You won’t find many business-friendly books in the anthropology sections of your local bookstore or library, but one gigantic exception to that rule is Jared Diamond’s Guns, Germs and Steel. And though that’s a new that may catch the eye of folks in the retail jewelry world, I can assure you that Jared Diamond and Jared the Jeweler are two very different people.
Since most folks reading this here tome are plenty busy already and probably don’t have much time to work through a 460-page Pulitzer Prize-winning scholarly text, allow me to give to you one of its most pertinent core theories; that the rise of agrarian, farming societies in the Fertile Crescent many thousands of years ago was the single biggest transformational development in all of human history. Left behind were the hunter/gatherers who had to live in small roaming packs searching for plants and animals to consume. In their place rose towns, cities, and nations that stockpiled food – and by proxy, wealth – thanks to having crops readily available due to generations of careful cultivation.
When you think about it, it is hard to believe that modern society came to be essentially because of a process that boils down to plow, plant, water, harvest, and repeat. You couldn’t make that more boring if you tried.
At this point, you may ask, Dear Reader, “But Ray, I’m not in the farming or ag business. What’s this got to do with me?”
Stick with me.
We’ll now forget about the hunter/gatherers and think instead of fishermen. Not a bad life, out on a boat dropping hooks and nets in the water and pulling up big, juicy (and sometimes frightening) fish and other good stuff that’ll look great on a plate next to a wedge of lemon with none of the drawn-out tedium and waiting that comes with raising a farm.
But what if the fish go where you aren’t? Maybe the boat springs a leak. Or a king hell Perfect Storm turns a simple fishing trip into a deadly disaster. Suddenly, boring old farming looks pretty dang attractive, right?

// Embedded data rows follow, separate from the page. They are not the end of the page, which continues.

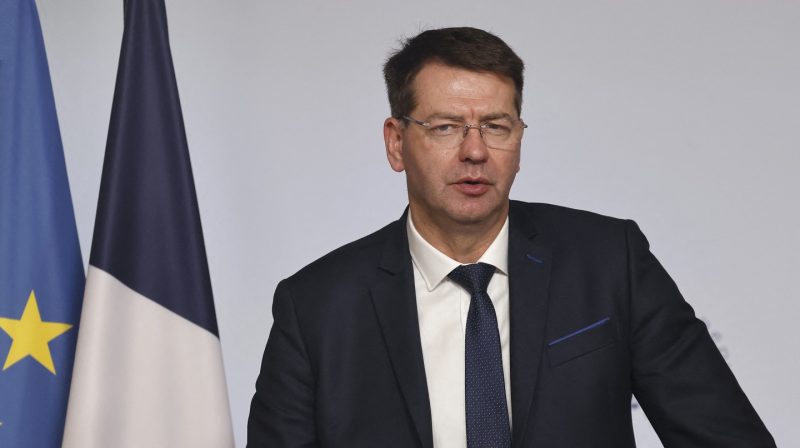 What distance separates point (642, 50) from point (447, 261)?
4.34ft

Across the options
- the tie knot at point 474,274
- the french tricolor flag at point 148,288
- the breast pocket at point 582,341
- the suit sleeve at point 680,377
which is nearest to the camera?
the suit sleeve at point 680,377

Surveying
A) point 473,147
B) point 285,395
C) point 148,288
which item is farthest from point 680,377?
point 148,288

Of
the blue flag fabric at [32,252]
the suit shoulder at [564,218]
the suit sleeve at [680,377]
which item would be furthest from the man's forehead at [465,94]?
the blue flag fabric at [32,252]

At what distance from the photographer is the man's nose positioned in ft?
6.34

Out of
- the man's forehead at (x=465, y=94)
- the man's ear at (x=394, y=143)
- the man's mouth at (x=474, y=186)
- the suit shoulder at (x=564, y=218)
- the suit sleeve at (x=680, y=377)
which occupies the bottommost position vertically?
the suit sleeve at (x=680, y=377)

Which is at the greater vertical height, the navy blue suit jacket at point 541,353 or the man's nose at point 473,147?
the man's nose at point 473,147

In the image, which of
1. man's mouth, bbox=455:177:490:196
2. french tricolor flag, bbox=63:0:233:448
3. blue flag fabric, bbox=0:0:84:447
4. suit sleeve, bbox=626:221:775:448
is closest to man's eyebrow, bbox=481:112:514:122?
man's mouth, bbox=455:177:490:196

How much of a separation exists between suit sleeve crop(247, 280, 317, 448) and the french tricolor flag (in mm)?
327

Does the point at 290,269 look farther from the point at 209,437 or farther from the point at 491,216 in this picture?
the point at 491,216

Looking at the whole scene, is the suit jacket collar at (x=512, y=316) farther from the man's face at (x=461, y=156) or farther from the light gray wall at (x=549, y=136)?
the light gray wall at (x=549, y=136)

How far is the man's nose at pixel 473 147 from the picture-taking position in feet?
6.34

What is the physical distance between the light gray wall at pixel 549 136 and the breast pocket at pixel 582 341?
1.12 m

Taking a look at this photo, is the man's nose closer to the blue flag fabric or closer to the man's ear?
the man's ear

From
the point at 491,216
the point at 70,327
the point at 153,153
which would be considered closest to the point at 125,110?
the point at 153,153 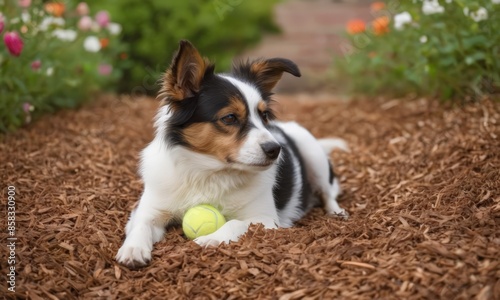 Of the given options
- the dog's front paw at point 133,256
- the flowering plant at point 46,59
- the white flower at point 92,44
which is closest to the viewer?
the dog's front paw at point 133,256

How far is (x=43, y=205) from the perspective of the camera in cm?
439

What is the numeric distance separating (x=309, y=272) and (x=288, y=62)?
1.64m

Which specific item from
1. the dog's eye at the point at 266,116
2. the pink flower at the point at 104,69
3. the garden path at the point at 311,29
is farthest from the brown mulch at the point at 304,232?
the garden path at the point at 311,29

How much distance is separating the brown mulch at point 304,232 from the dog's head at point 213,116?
56 cm

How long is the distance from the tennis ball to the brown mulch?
15cm

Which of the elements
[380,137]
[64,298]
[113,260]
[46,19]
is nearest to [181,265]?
[113,260]

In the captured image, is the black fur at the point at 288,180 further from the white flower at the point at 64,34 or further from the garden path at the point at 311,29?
the garden path at the point at 311,29

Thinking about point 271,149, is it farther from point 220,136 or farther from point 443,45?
point 443,45

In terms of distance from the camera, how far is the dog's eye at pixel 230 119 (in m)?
3.88

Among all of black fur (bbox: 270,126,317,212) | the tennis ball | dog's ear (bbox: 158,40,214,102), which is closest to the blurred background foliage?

I wrote all that so I could write this: In business, it can be awfully attractive and easy to go fishing for customers, reeling them in with flashy sales and promotions and enjoying the splendor of a gigantic haul from your quick-turn marketing efforts. But just like societies didn’t grow from fishing on their own, long-lasting businesses aren’t getting there without doing some long-game planting and watering that’ll result in a bumper crop of business well into the future.
That long game can mean many things, depending on your business. Still, one of the seed varieties you absolutely need to plant is programmatic awareness and brand marketing through proven, effective broadcast channels that build your reputation in the minds of eventual customers. And just like farmers over the eons, playing with the mix of crops and how you irrigate and fertilize them will let you figure out how to realize true abundance.
There’s still plenty of value in fishing, and hunting. After all, it’s nice to have some steak with your corn and potatoes. But going all the way in one practice over the other builds in a lot of risk, making it easy to look at a lot of nothing when it’s time to eat.